With both backs averaging over five Yards/Carry there really isn’t much to differentiate their effectiveness, though they are different stylistically. There was one scary moment where Zeke seemed to tweak his back after hitting a piece of equipment on the sidelines but he was able to quickly return and score a TD on the same drive.

There really weren’t any highlights to show here as collectively their longest run was only 17 yards, which really speaks to the consistency with which they ran the ball wherever and whenever they wanted.


Wide Receivers/Tight Ends


CeeDee Lamb: 6 targets, 4 receptions, 84 yards, TD | 1 carry, 4 yards

Dalton Schultz: 8 targets, 6 receptions, 79 yards

Amari Cooper: 6 targets, 3 receptions, 60 yards, TD

Noah Brown: 4 targets, 3 receptions, 36 yards

Cedric Wilson: 1 target, 1 reception, 35 yards | 1 carry, 4 yards | 1/1, 22 yards


CeeDee Lamb is a superstar:



It seems to be a weekly tradition for CeeDee lamb to get this much separation from a defender on a downfield throw. At this point, nobody should be surprised when he breaks off a near 50-yard TD catch as he did above. The Cowboys didn’t need much more from Lamb to beat the Giants so he wasn’t prioritized much in the second half. Interestingly, Lamb lined up next to Dak in the shotgun a few times during this game acting as an RB, even getting one carry he took for yards.

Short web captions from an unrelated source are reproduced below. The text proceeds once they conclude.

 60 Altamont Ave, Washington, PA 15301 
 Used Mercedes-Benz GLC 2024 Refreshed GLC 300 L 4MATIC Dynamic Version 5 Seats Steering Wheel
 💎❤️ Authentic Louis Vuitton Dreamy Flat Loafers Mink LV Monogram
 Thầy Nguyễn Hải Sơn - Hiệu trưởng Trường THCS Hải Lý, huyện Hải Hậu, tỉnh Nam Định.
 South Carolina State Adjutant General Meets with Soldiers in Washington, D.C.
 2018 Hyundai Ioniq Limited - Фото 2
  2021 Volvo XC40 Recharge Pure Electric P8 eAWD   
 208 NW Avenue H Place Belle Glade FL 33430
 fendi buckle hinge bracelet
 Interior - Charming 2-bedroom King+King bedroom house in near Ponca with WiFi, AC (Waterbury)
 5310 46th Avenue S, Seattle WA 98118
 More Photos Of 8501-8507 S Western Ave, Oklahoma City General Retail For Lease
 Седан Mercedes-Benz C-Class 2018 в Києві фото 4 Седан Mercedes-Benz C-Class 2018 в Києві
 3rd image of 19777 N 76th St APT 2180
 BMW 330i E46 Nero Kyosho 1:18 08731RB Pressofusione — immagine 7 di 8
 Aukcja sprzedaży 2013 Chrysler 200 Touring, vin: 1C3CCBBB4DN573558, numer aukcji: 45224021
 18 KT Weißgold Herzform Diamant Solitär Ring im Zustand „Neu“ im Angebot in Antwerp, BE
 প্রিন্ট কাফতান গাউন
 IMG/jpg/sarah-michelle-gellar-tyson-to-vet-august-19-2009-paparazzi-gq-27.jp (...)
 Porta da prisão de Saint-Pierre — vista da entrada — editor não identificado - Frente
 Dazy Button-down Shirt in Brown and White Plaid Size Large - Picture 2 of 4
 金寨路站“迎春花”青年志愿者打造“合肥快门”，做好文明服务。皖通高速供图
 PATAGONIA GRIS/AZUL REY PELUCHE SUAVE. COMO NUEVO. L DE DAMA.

Amari Cooper had a relatively quiet day but salvaged his line with a 24 yard TD pass you can see the clip of in Dak’s breakdown above. Cooper’s three-catch total in this game had more to do with the blowout scoreline than anything specific to his play. He will certainly have bigger days looking forward.

Dalton Schultz is quickly making a name for himself in the wasteland of TEs in the fantasy landscape. Dak clearly has a growing affinity for Schultz on short-intermediate throws over the middle. Schultz kept the chains moving a number of times in this game and could have even had a 12 yard TD added to the above stat line if he were able to hang onto a ball that Dak rifled in to him. Despite the drop, Dak continued to look his way. This was a very encouraging game for Schultz increased involvement in the O.